Hello again! This is Amy Broussard, and this is my third and final update on the archaeological study that was the focus of my internship at NCPTT. The project incorporated metal detecting in an archaeological investigation of a colonial homestead near Natchitoches, Louisiana. My previous posts gave background information and explained the field methods we employed – now we’ll talk about what we found at the site.
As I briefly mentioned before, the most plentiful items collected were bullet casings and both modern and historic nails. Other metal artifacts included a couple of Civil War-era lead bullets and a hammer from a cap-lock firearm. Even though we placed our shovel tests at pin-pointed locations where metal was targeted, we also unearthed various other types of artifacts including historic glass, brick fragments, and ceramic sherds. After the artifacts were cleaned in the lab at NCPTT, they were bagged along with tags that record exactly where they were collected in the field. The objects were counted, weighed, and tabulated in spreadsheets.
Archaeologists pay special attention to historic ceramics because chronologically-sensitive, stylistic shifts in ceramic glaze and decorative techniques can be indicative of a certain time frame, when a certain type was being manufactured and commonly used. In the 1980’s, previous studies at the site yielded fragments of Native American pottery, ceramics imported from France, and ceramics produced in Mexico. While we did not find any samples that were definitively Mexican-produced, we did collect a few different types that seem to be varieties that were brought from France to Louisiana in the eighteenth century.
In summary, we worked a total of 24 days in the field and dug a total of 254 shovel tests. The fieldwork conducted by Commonwealth Associated Inc. in 1981 resulted in over 300 ceramic pieces collected, but fewer than 12 nails. Our collection resulted in far less ceramic – only 38 fragments – but we collected 136 nails.
These discrepancies may be explained by several factors at play. Obviously, our collection had a severe “metal bias” due to the use of a metal detector. Also, the site had been previously collected – officially and unofficially – multiple times over the years. White pieces of ceramic on the ground surface are usually very visible, so they’re one of the first things people pick up at a historic site. There was one large pre-existing “pot hole” at the site, about 3-4 feet in diameter, which one previous report attributed to “treasure hunters.”

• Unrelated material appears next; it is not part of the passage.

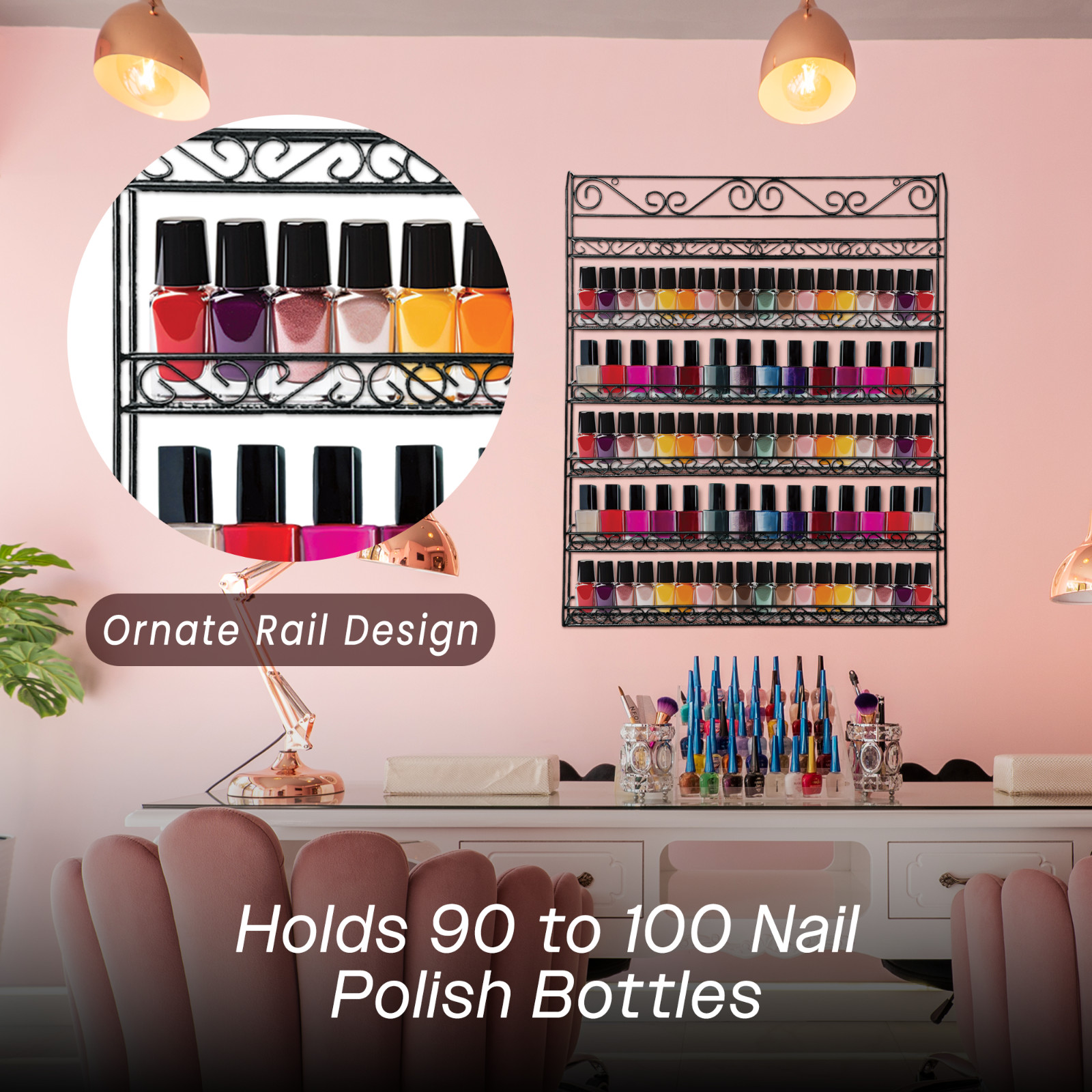 Metal Wire Nail Polish Display Organizer Wall Rack (Hold 90 to 100 Bottles) USA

Finally, in addition to historic metal artifacts, we also found around 40 casings from rifle and handgun bullets, and shotgun shells, as well as modern litter on the surface, like beer bottles and aluminum cans. There seemed to be much evidence of modern visitors, who may have taken some souvenirs home with them.
Nevertheless, the few ceramics that we did collect fit in nicely with the estimated date range of the site’s occupation, which is the early colonial period, ca. 1760 – 1820. The use of a metal detector enhanced the earlier data by revealing the heavy concentration of metal artifacts that was previously not represented. The multitude of historic nails and spikes that we collected would definitely benefit from further in-depth analysis… but that undertaking could be a separate study within itself, which would take many more months than the duration of my temporary internship.
For now, we will update the site record form for Division of Archaeology’s database, and probably submit an article to the Louisiana Archaeological Society. The complete report is a work in progress (70 pages and counting). It has been a great experience interning at NCPTT and and I’d highly recommend it to anyone pursuing a career in archaeology / cultural resource management!